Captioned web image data
----

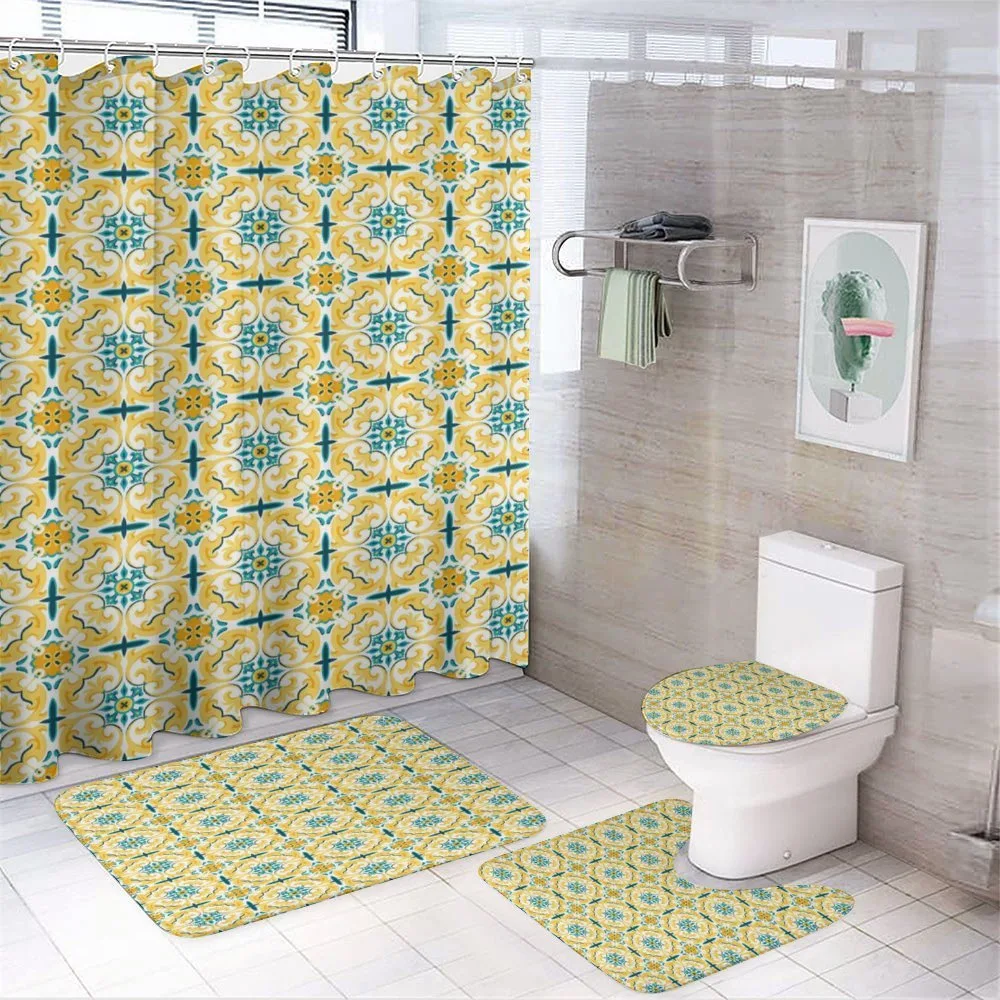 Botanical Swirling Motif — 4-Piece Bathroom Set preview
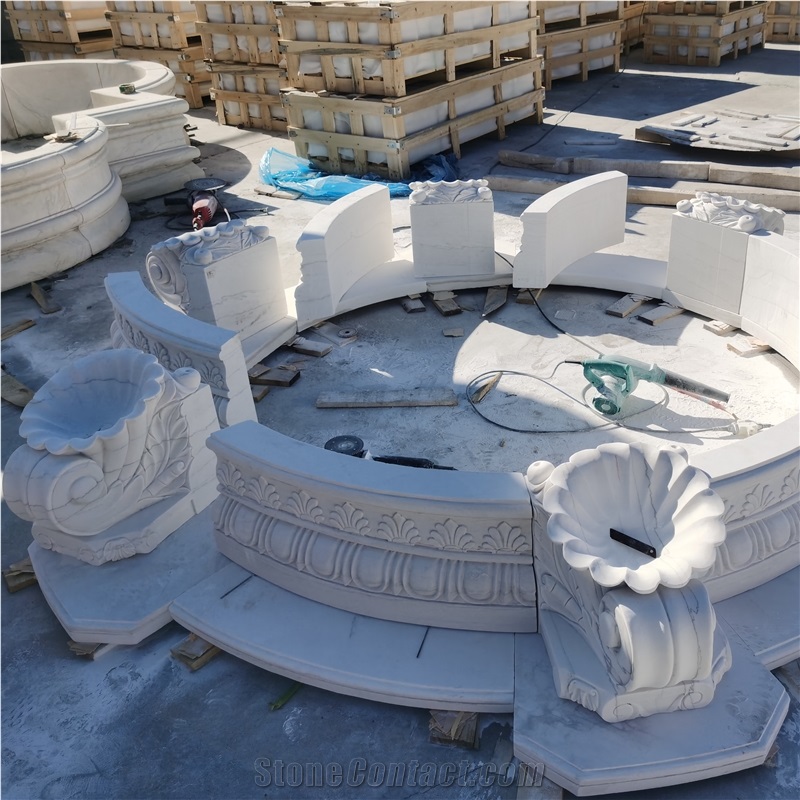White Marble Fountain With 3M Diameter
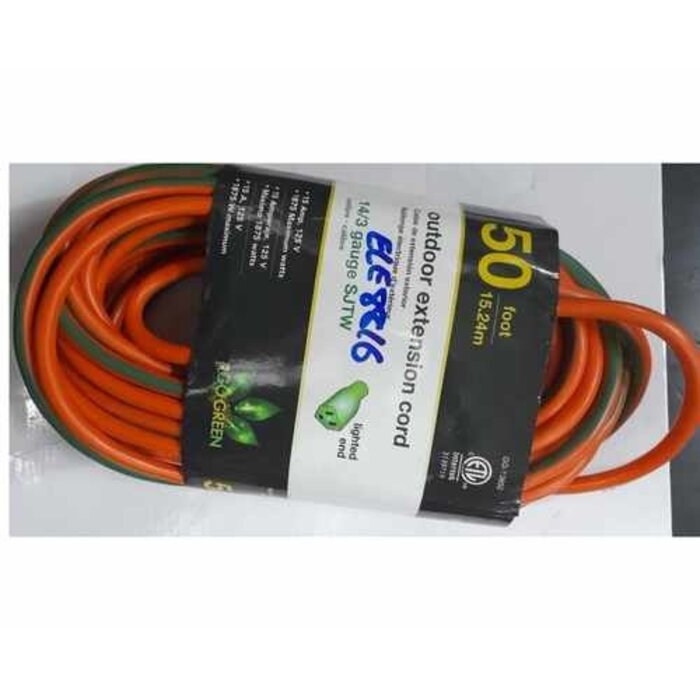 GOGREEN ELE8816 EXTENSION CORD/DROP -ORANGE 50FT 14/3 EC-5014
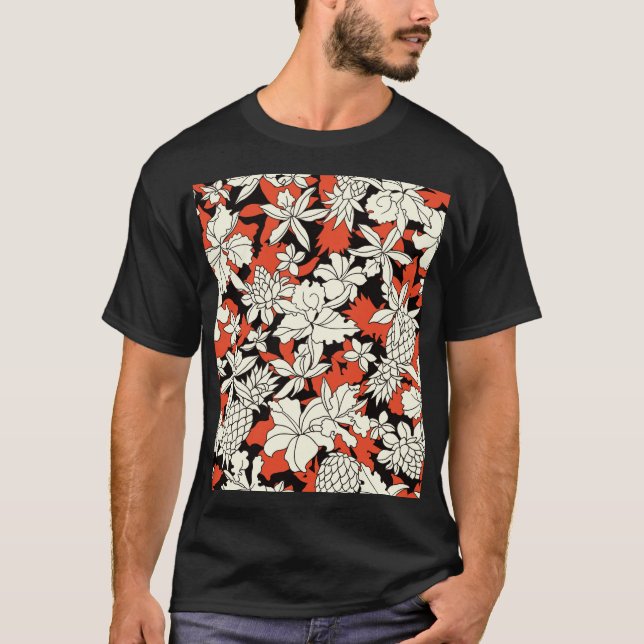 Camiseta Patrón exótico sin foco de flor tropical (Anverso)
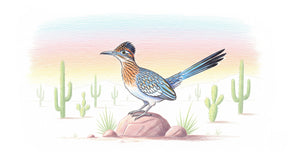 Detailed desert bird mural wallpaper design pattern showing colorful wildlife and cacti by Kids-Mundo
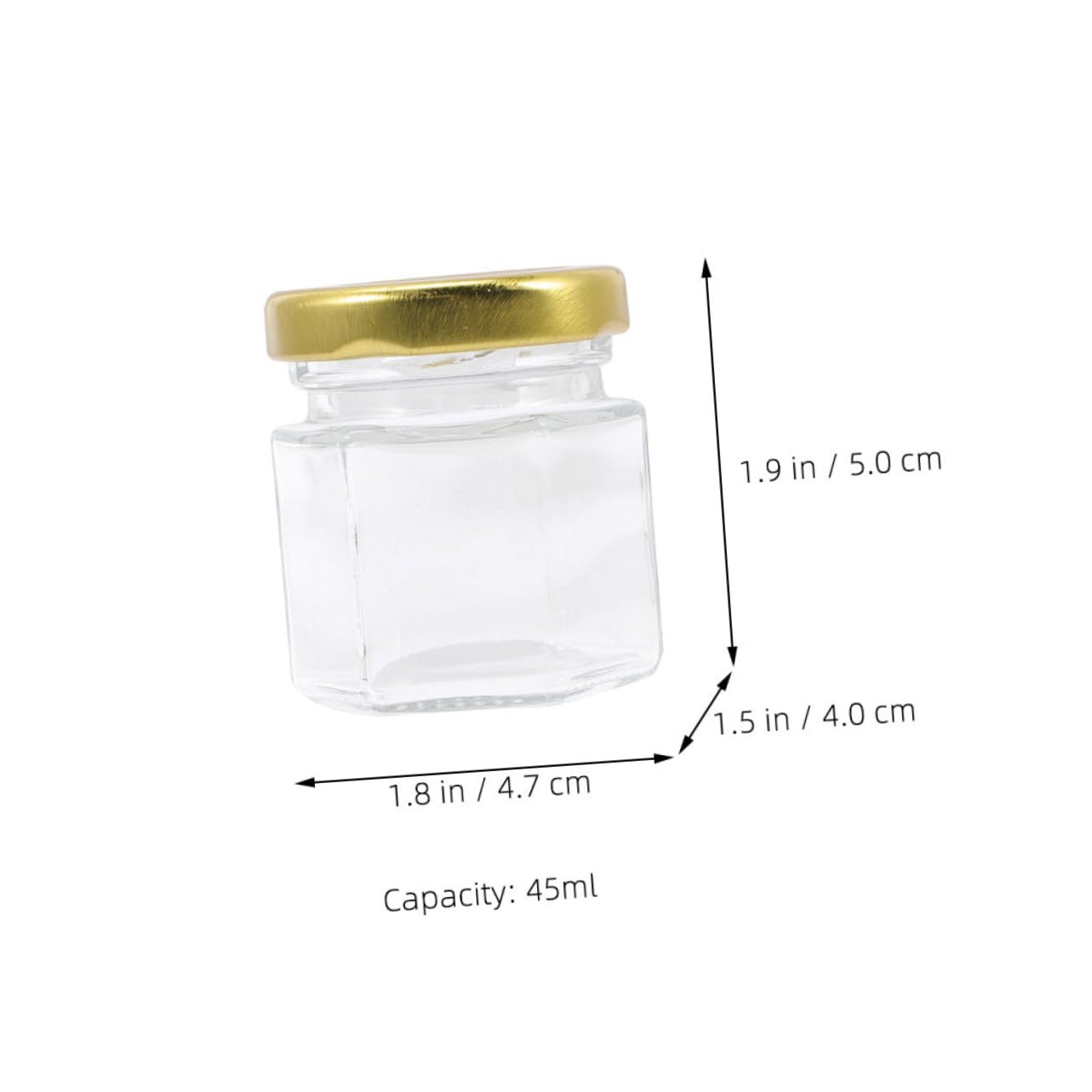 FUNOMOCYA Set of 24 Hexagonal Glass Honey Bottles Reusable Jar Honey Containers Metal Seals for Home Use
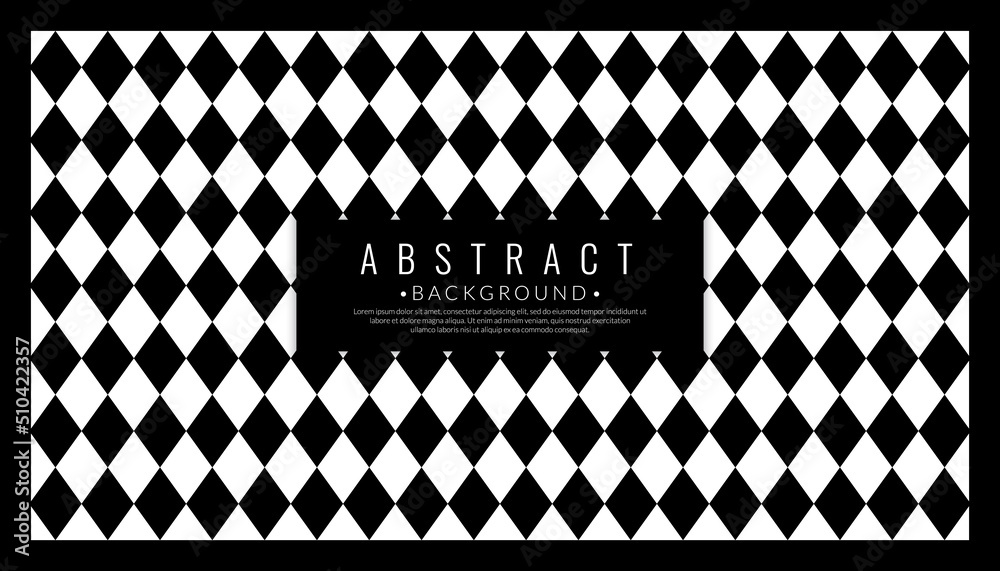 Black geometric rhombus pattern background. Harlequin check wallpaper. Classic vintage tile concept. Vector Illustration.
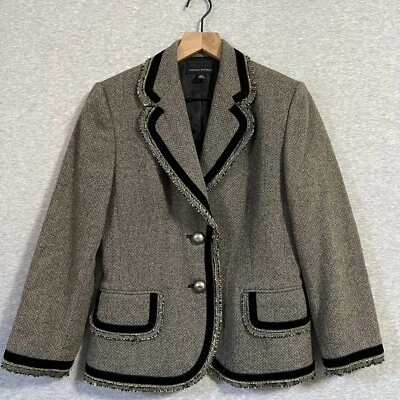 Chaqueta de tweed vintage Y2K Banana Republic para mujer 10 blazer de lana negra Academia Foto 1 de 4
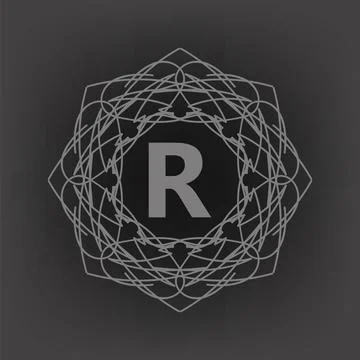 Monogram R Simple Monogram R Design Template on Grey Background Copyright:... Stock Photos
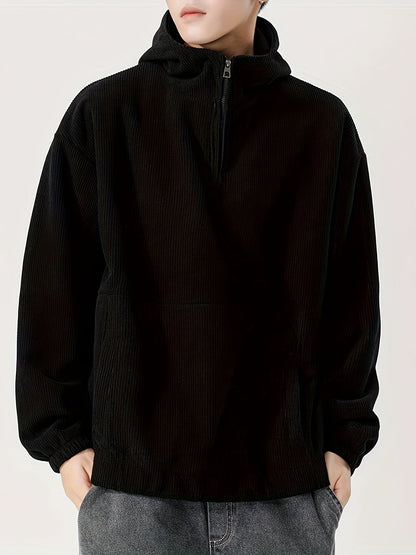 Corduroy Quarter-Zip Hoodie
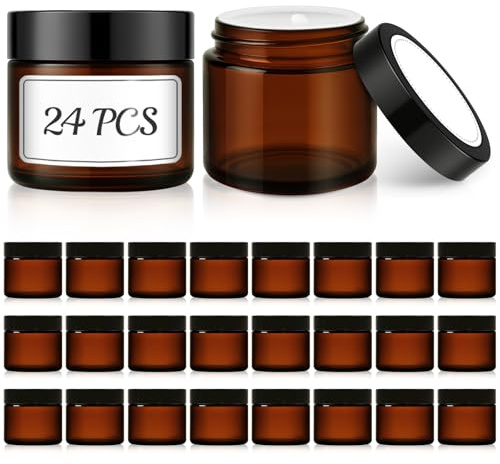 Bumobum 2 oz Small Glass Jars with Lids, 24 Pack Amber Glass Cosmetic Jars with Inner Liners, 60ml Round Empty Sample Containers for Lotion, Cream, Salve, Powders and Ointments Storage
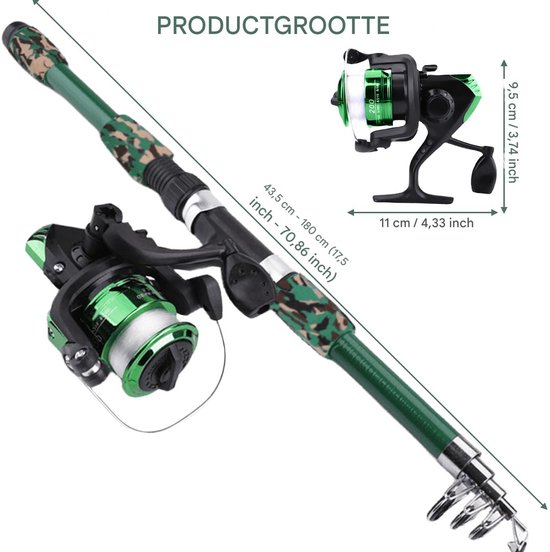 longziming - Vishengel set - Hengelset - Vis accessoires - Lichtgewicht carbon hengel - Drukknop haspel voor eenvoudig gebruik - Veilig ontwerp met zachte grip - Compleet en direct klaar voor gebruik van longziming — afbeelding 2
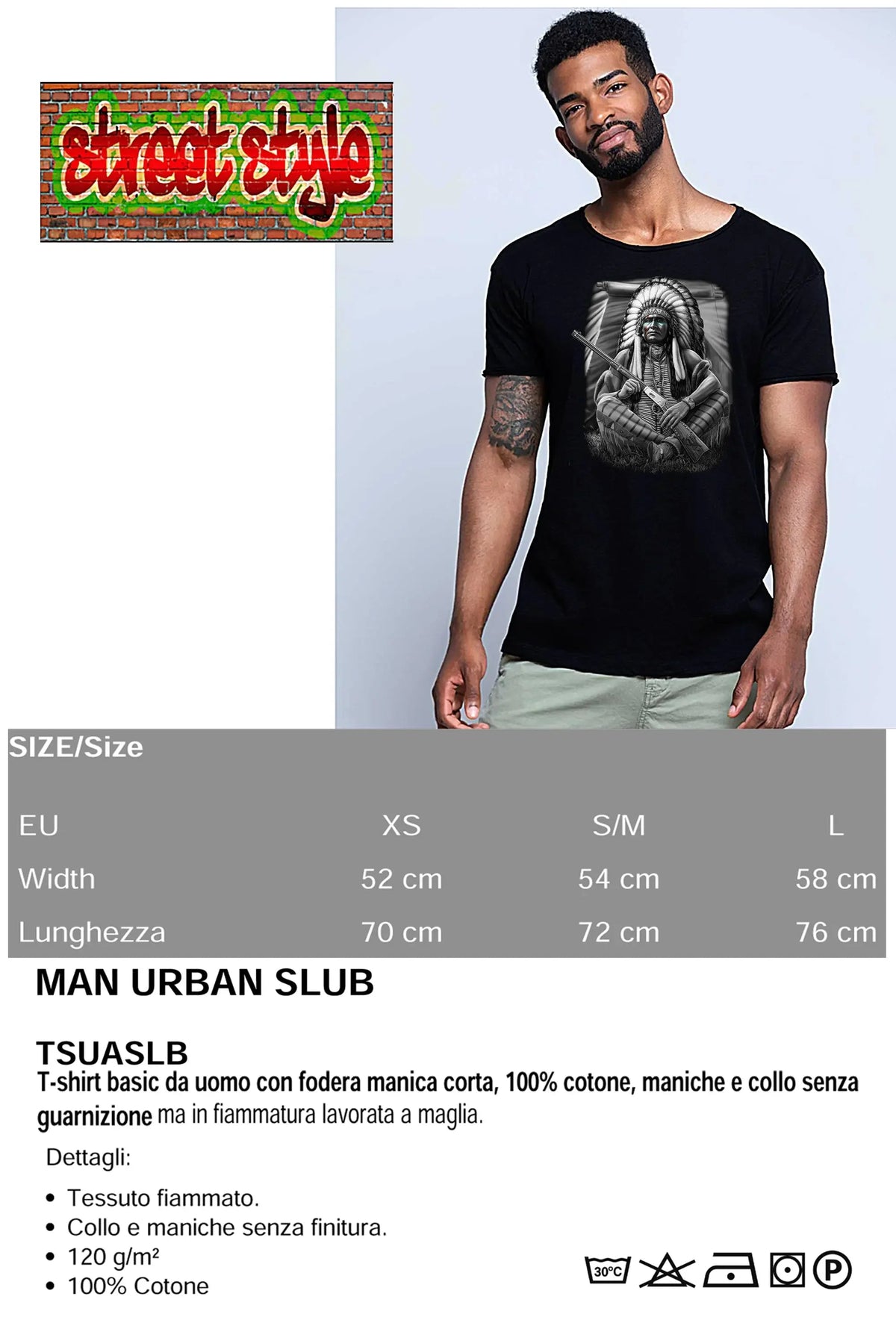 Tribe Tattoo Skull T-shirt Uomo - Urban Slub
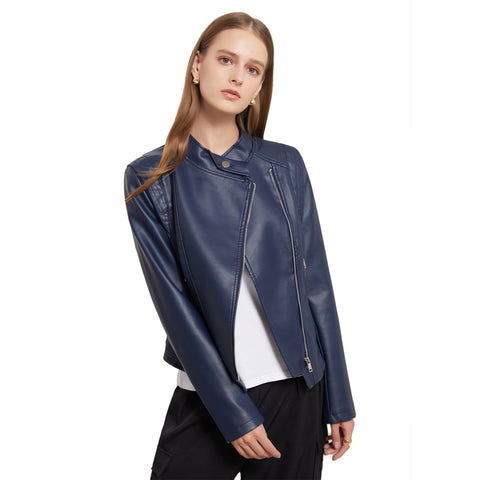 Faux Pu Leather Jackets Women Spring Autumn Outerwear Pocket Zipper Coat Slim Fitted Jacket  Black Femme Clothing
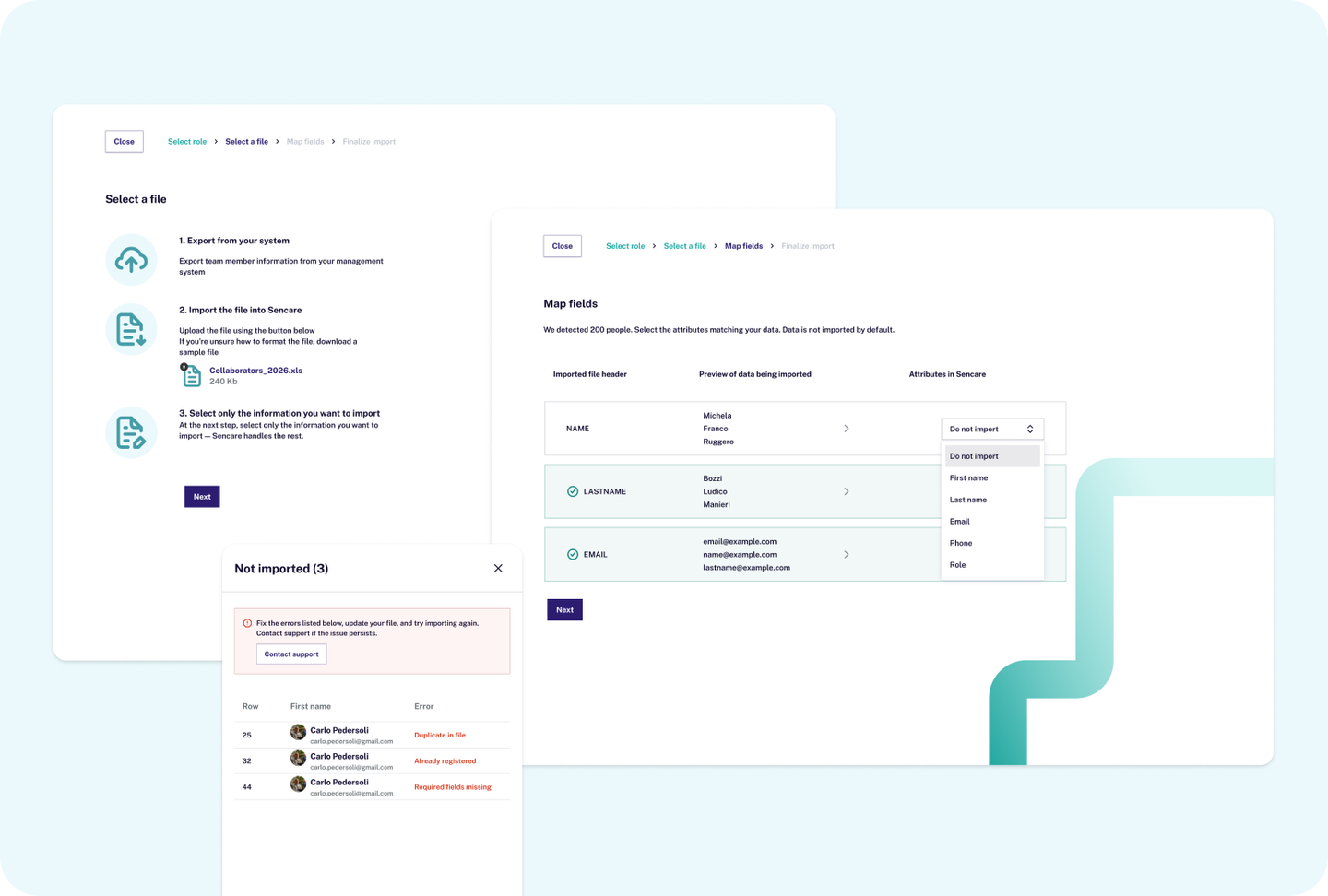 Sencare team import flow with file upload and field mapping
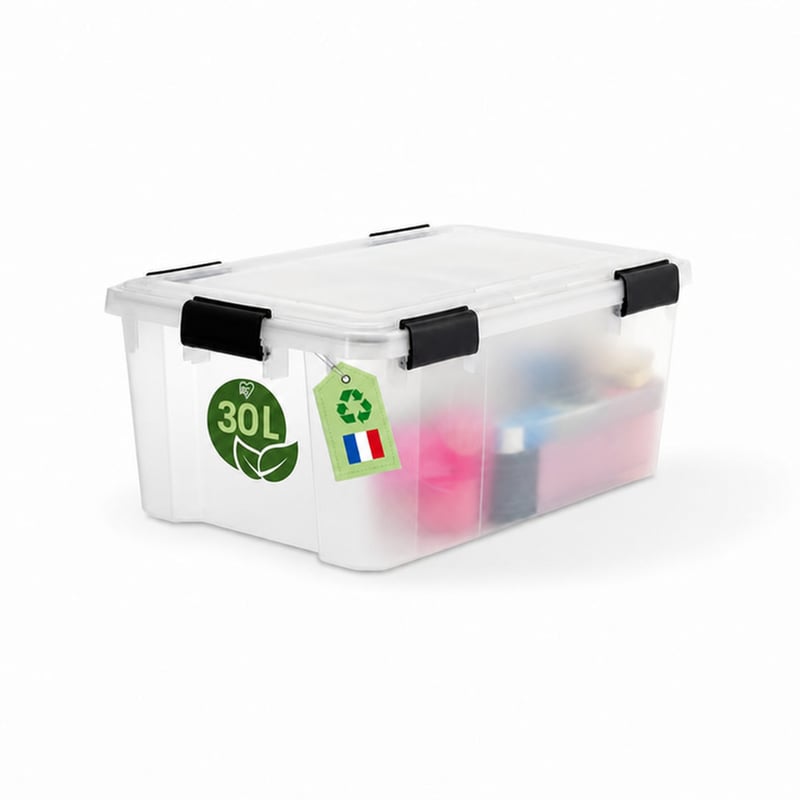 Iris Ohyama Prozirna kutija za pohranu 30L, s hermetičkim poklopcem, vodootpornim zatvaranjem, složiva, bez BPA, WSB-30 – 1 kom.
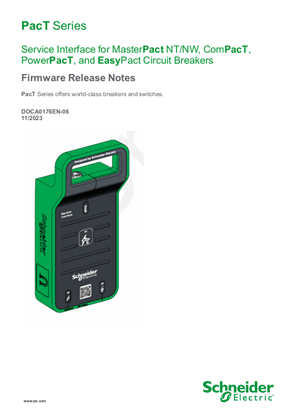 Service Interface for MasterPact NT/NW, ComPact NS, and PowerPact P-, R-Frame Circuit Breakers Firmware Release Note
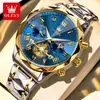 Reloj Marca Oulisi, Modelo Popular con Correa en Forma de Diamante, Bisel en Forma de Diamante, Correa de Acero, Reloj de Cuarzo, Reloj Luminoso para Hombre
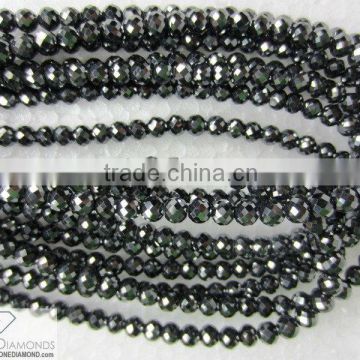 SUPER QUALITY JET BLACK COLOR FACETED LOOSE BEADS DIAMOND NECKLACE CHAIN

----

Each record above, in full: return it exactly, pictures excluded.

▶ _Written response_
 Botanical Swirling Motif — 4-Piece Bathroom Set preview
White Marble Fountain With 3M Diameter
 GOGREEN ELE8816 EXTENSION CORD/DROP -ORANGE 50FT 14/3 EC-5014
 Camiseta Patrón exótico sin foco de flor tropical (Anverso)
 Detailed desert bird mural wallpaper design pattern showing colorful wildlife and cacti by Kids-Mundo
 FUNOMOCYA Set of 24 Hexagonal Glass Honey Bottles Reusable Jar Honey Containers Metal Seals for Home Use
 Black geometric rhombus pattern background. Harlequin check wallpaper. Classic vintage tile concept. Vector Illustration.
 Chaqueta de tweed vintage Y2K Banana Republic para mujer 10 blazer de lana negra Academia Foto 1 de 4
 Monogram R Simple Monogram R Design Template on Grey Background Copyright:... Stock Photos
 Corduroy Quarter-Zip Hoodie
 Bumobum 2 oz Small Glass Jars with Lids, 24 Pack Amber Glass Cosmetic Jars with Inner Liners, 60ml Round Empty Sample Containers for Lotion, Cream, Salve, Powders and Ointments Storage
 longziming - Vishengel set - Hengelset - Vis accessoires - Lichtgewicht carbon hengel - Drukknop haspel voor eenvoudig gebruik - Veilig ontwerp met zachte grip - Compleet en direct klaar voor gebruik van longziming — afbeelding 2
 Tribe Tattoo Skull T-shirt Uomo - Urban Slub
 Faux Pu Leather Jackets Women Spring Autumn Outerwear Pocket Zipper Coat Slim Fitted Jacket  Black Femme Clothing
 Sencare team import flow with file upload and field mapping
 Iris Ohyama Prozirna kutija za pohranu 30L, s hermetičkim poklopcem, vodootpornim zatvaranjem, složiva, bez BPA, WSB-30 – 1 kom.
 Service Interface for MasterPact NT/NW, ComPact NS, and PowerPact P-, R-Frame Circuit Breakers Firmware Release Note
 Reloj Marca Oulisi, Modelo Popular con Correa en Forma de Diamante, Bisel en Forma de Diamante, Correa de Acero, Reloj de Cuarzo, Reloj Luminoso para Hombre
 SUPER QUALITY JET BLACK COLOR FACETED LOOSE BEADS DIAMOND NECKLACE CHAIN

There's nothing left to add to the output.